2013-12-10

The first midwife appointment was today.  The husband and I dithered a bit over whether he should come.  I asked two friends for advice.  One said he should come to show he is supportive, to meet the midwife, and to give his medical history.  One said he shouldn’t bother as it is a long appointment which he will be barely involved with.  We went with yes, to show willing and because I have been so ill that he wants to be more involved with my care than usual.

So well, it was OK.  I liked the midwife enough, she seemed very nice.  But the appointment was confusing and it is a good job I already knew what to expect and how the system works because all of that wasn’t explained.  She didn’t even explain what a midwife was and what her role would be, for example.

The appointment lasted maybe an hour.

The first part was a questionnaire.  This mainly covered medical history, but the way the midwife administered it was through a series of seemingly open questions that actually had secret boundaries around them designed to confuse me and trip me up.  For example a correct answer to ‘Have you any significant medical history to note?’ is not ‘I had whooping cough when I was 25’ despite them being obsessed with whooping cough and whooping cough vaccines.  A correct answer to ‘Is there any significant medical history in your family?’ is not ‘My dad died of a heart attack’.  I kept having to ask ‘what sort of thing are you interested in?’  It made me feel like a fool.

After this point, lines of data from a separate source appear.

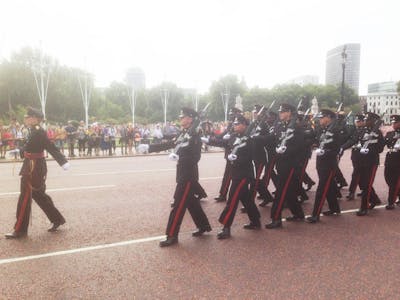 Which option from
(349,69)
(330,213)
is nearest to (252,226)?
(330,213)

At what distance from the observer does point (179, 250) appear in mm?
5285

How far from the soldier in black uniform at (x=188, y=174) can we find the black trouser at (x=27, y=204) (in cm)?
204

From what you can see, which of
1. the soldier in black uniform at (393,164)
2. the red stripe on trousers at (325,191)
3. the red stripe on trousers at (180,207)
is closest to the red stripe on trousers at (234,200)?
the red stripe on trousers at (180,207)

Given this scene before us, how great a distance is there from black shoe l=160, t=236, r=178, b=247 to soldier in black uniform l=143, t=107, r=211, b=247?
1cm

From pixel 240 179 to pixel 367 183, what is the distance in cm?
306

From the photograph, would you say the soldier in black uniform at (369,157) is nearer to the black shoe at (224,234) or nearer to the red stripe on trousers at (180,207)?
the black shoe at (224,234)

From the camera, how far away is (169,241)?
548cm

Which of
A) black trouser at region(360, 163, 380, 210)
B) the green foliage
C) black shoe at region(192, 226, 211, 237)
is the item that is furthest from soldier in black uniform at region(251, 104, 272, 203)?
the green foliage

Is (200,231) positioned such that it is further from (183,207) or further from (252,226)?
(252,226)

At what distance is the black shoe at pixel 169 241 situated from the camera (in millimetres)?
5445

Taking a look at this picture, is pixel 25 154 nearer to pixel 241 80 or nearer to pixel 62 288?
pixel 62 288

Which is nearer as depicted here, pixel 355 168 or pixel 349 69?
pixel 355 168

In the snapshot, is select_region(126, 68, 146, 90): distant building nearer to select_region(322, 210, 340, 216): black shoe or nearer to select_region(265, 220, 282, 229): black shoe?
select_region(322, 210, 340, 216): black shoe

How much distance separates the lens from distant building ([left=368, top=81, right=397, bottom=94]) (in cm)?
14862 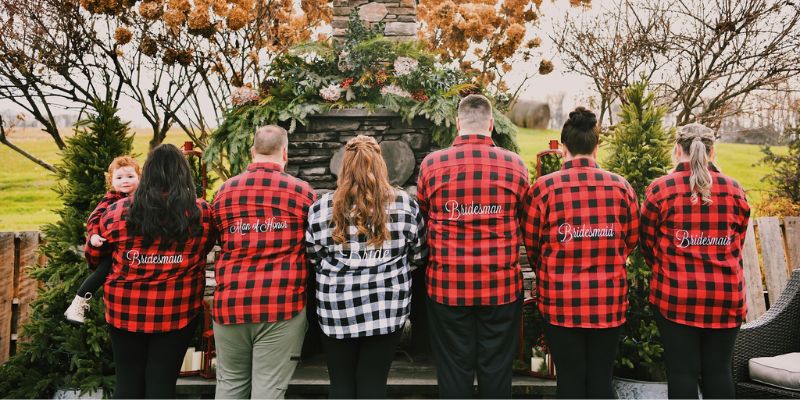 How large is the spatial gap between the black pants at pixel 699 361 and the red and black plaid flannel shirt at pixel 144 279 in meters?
2.28

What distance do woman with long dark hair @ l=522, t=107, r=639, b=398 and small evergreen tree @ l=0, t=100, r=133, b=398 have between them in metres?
2.95

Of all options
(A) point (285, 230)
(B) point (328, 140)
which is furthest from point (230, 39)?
(A) point (285, 230)

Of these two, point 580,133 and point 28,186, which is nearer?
point 580,133

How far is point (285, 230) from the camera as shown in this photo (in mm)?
2512

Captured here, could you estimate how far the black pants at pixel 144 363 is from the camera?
8.19ft

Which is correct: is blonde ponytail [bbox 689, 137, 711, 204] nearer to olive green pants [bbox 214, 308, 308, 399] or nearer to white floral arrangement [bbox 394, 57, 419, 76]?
olive green pants [bbox 214, 308, 308, 399]

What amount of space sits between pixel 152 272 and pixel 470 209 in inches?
58.5

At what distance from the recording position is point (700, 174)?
250 centimetres

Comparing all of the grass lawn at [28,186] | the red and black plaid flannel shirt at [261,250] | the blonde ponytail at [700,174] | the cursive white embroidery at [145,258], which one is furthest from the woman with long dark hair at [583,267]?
the grass lawn at [28,186]

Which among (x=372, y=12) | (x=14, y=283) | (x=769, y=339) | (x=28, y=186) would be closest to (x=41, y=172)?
(x=28, y=186)

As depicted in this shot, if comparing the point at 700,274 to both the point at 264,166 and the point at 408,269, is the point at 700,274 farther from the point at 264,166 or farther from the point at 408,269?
the point at 264,166

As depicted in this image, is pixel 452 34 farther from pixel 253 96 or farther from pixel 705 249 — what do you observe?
pixel 705 249

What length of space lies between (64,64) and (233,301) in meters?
5.68

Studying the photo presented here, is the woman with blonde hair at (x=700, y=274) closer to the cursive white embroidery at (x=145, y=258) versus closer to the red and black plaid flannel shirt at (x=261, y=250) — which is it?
the red and black plaid flannel shirt at (x=261, y=250) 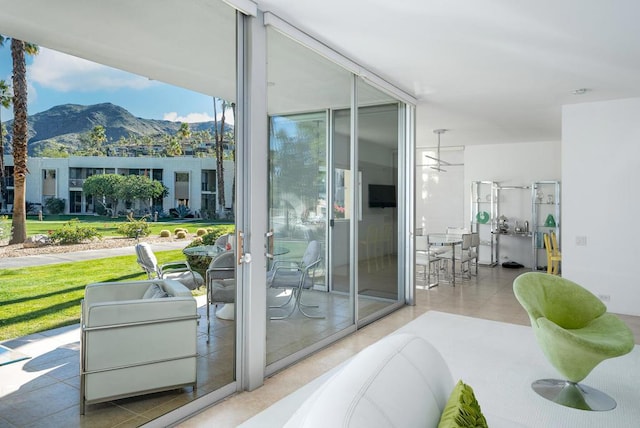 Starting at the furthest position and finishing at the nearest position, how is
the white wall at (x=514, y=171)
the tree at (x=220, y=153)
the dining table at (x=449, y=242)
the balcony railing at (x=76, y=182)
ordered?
1. the white wall at (x=514, y=171)
2. the dining table at (x=449, y=242)
3. the tree at (x=220, y=153)
4. the balcony railing at (x=76, y=182)

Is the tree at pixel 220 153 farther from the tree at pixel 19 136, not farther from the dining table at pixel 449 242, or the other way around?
the dining table at pixel 449 242

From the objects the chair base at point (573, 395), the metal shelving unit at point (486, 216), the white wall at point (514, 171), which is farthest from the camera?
the metal shelving unit at point (486, 216)

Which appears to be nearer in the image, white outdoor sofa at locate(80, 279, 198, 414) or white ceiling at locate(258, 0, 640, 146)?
white outdoor sofa at locate(80, 279, 198, 414)

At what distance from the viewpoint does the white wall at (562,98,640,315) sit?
17.9 ft

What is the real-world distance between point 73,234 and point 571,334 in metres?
3.04

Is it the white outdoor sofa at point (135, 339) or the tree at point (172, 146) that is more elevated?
the tree at point (172, 146)

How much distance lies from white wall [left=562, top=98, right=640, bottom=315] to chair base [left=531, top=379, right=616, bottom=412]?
2.94 m

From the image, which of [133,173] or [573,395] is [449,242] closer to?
[573,395]

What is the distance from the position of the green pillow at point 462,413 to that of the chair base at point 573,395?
2073 mm

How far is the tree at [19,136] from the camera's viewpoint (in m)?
2.07

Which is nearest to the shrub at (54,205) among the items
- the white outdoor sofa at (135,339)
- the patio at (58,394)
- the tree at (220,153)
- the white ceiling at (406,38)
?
the white outdoor sofa at (135,339)

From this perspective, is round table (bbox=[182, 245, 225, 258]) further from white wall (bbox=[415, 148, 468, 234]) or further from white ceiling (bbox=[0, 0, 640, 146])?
white wall (bbox=[415, 148, 468, 234])

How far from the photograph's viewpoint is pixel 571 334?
9.27 ft

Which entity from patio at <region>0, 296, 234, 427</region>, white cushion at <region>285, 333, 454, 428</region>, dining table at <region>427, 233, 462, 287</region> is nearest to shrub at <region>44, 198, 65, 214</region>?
patio at <region>0, 296, 234, 427</region> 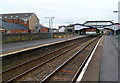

Of relevance to my pregnancy, it is important to note that my Mum had nausea and vomiting throughout, was hospitalised for 10 weeks for high blood pressure, and had a caesarean as I was transverse lie.  I’m glad I asked my Mum about this, as I think it flags me up for them to watch out for these things.

It was interesting how the system was not set up to accommodate IVF.  Despite us being able to give the midwife:

– An exact date of conception

– An exact date of embryo transfer and embryo age on that day

– The date of a scan where the embryo was measured against expected gestation and it was bang on to the day…

The midwife still had to ‘make up’ a date for my last period to put in instead.  You’ll recall that with IVF your periods are in no way related to when they do the transfers and so on, the date she had to enter was entirely arbitrary.  Frickin residual infertility again, rubbing in our faces how we are different and abnormal.

The midwife also asked how many IVFs we’d done and we said three she said that wasn’t too bad.  Easy for her to say.

Then don’t get me started on the nausea.  I’m down to about three hours of nausea per day, and I can do one activity per day then I’m wiped out.  I’m working part-time, from bed.  I can’t exercise.  I’ve cancelled all social events.  I don’t know if I have to live with this or if I can try another drug.  The midwife was sort of sympathetic, but also clearly of the view that nausea in pregnancy is normal so I should shut up.  I tried several times to get advice on this and bring the conversation back to it in the hope of getting a steer on what I should expect.  She suggested ginger, sea bands and homeopathy.  So I knew she was not appreciating the gravity of the situation.  She suggested I see how I am in a few weeks.    She made it clear that I should not be bothering obstetric triage with such minutia.

The midwife then took my blood pressure, a urine sample, and some blood.

This highlighted that I also have three issues that will negatively affect every single appointment I go to with the midwife:

– I don’t have veins near the surface, it is very hard to take blood from me.

– I always have traces of blood in my urine.  I’ve been investigated and they don’t know why.  So if they do a dip test they can’t know if there is a problem or not.

– I have ‘white coat syndrome’.  Don’t ask me why, it is not at all conscious, but the first two times anyone takes a blood pressure reading from me it comes out high.  Then it goes down to normal.  Again I’ve been investigated and there’s nothing underlying.  This makes it hard for them to guage whether I have high blood pressure.

Overall I felt like a very difficult patient.  I don’t mean to be.  I don’t want to be.  I can’t help it.

So that was it.  We were given dates of when to come back, dates for classes (May), a blue folder of my notes to bring to each appointment, and a packet of booklets.  It was an OK appointment.  Sort of.

Back to the husband thing, well actually his involvement was probably about 60 seconds of the appointment stating his phone number and anything he knew about his mother’s pregnancy.  And, in fact, the midwife didn’t even say hello to him or ask his name.  He was a spare part unfortunately.

After the appointment I thought a lot about the nausea, and chatted with the husband, and in the end I decided to ignore the advice of the midwife and get in touch with obstetric triage again.  When I was there they had said I should get in touch if I didn’t see significant improvement and they assured me I should be able to go back to normal activities.  I decided to give them a ring rather than waste their time going in, and this was the right thing to do.  They were able to bring up my notes straight away, and although they clearly had no real interest in me as I was not vomiting they told me to go to my GP and ask for a different drug called Procesprozine (sp?).  They suggested that if my GP was not well versed in nausea and vomiting in pregnancy the GP could phone them, and they could both advise them and fax them the protocol showing how my treatment should be escalated.

I called the GP to make an appointment.  Obviously couldn’t get one in days, so will need to phone in for an emergency appointment tomorrow.  Unhelpful.